[PROBLEM TO WORK ON]: Word for word, reproduce each line of the data below, omitting every image.

[GIVEN MATERIAL]:
---+---

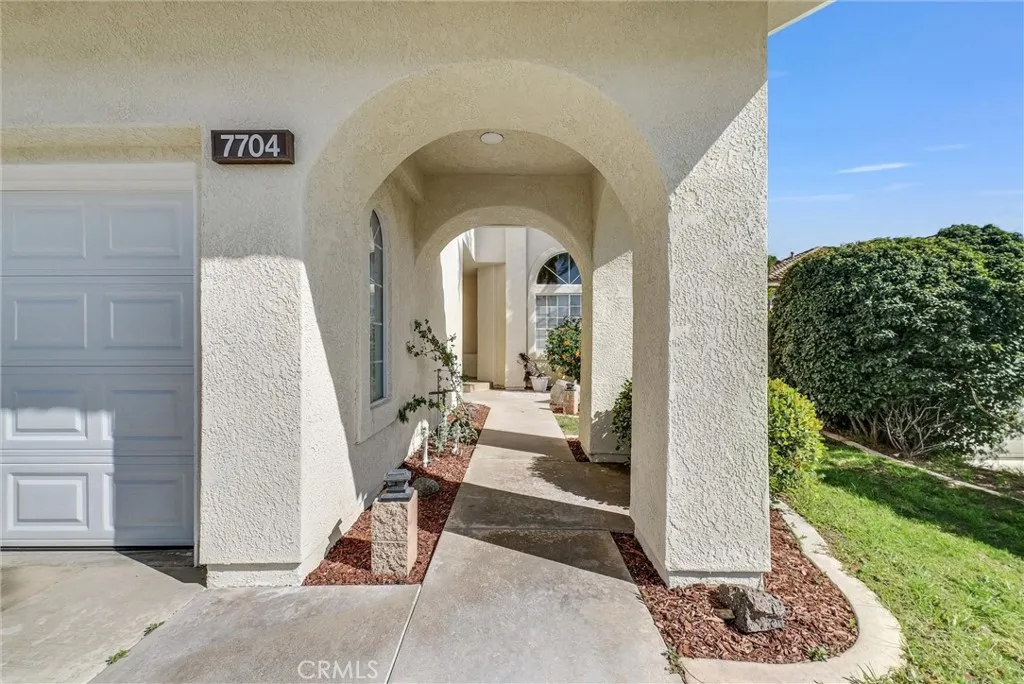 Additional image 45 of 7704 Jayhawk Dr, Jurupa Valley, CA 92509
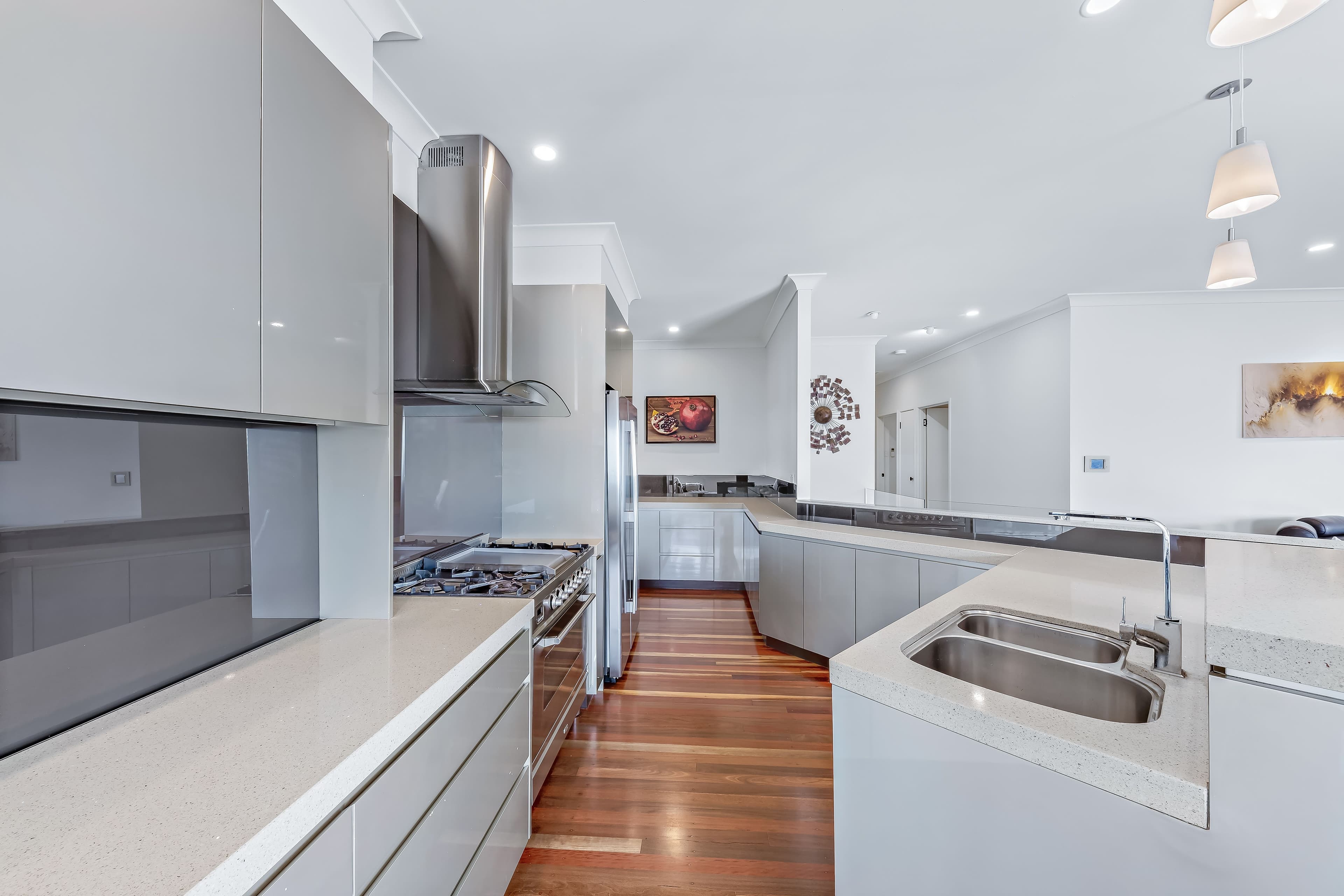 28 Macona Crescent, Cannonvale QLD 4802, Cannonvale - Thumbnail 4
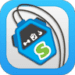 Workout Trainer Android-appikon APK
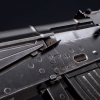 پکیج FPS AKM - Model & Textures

---+---

[REPLY]:
 Additional image 45 of 7704 Jayhawk Dr, Jurupa Valley, CA 92509
 28 Macona Crescent, Cannonvale QLD 4802, Cannonvale - Thumbnail 4
 Workout Trainer Android-appikon APK
 پکیج FPS AKM - Model & Textures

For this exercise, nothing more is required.